This mostly happens when the maximum coverage has not been attained, e.g., in dilute systems and/or when the adsorption capacity of adsorbent is too high. As an attempt to obtain distinguishable results, one can conduct an experiment using extended range of adsorbate concentration towards higher levels.

In any case, drawing mechanistic conclusions alone from isotherm fitting should be avoided. Isotherms results should be better discussed in conjunction with results obtained from studies on kinetics and thermodynamics. Having information about the adsorbent's characteristics, especially the morphology and the surface chemistry, also provide useful supporting evidence during interpreting the adsorption behaviors.

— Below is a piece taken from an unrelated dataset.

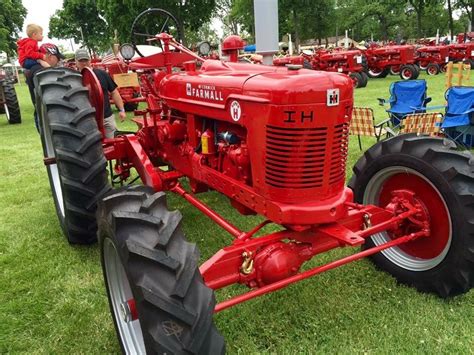 Farmall Super H With Mfwd Farmall Tractors Farmall Tractors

The first question is whether there was a proper check for adequate descritpion of the experimental data by these two models. Use of correlation coefficients is generally not sufficient. Sum of squares of deviations, for calculated minus experimental values, should be examined for statistical significance, with accounting for experimental scatter. One good test is "lack-of-fit" (may be found in the texbooks). Both models may be found good but yet not describing the data adequately. Both models may be found describing data adequately, or only one. In the case if both models seem to describe the data adequately, i..e, deviations of th the fitted data from the experimental values show no trend and may be just assigned to random scatter, I would say, it is not possible to choose between a model demonstrating a saturation (Langmuir) and the model typically interpretated as associated with exponential distribution of the sites acording to the energy. In other words, we cannot choose between two conceptual points, an one type of sites or variety...Both hypotheses fit the experimental data. So, what we could learn yet from the data? One certain conclusion is that sorption isotherm is non-linear, and there is a gradual saturation of sorption site(s). To distinguish between the models, one may either extend solute concentration, as suggested by Mr. Mushariv Khan, or vary, for example, temperature. If the isotherm measured at another temperature fitted by Langmuir model shows a different maximal capacity, the Langmuir model is conceptually not suitable (since the capacity is not supposed to change with temperature). In principle, there is one more, "delicate" analysis: Langmuir model tends to linear isotherm, when reducing solute concentrations whereas Freundlich model never tends to linear isotherms. So, by carefully examining the data distribution along the lower solute range, this could be also revealed.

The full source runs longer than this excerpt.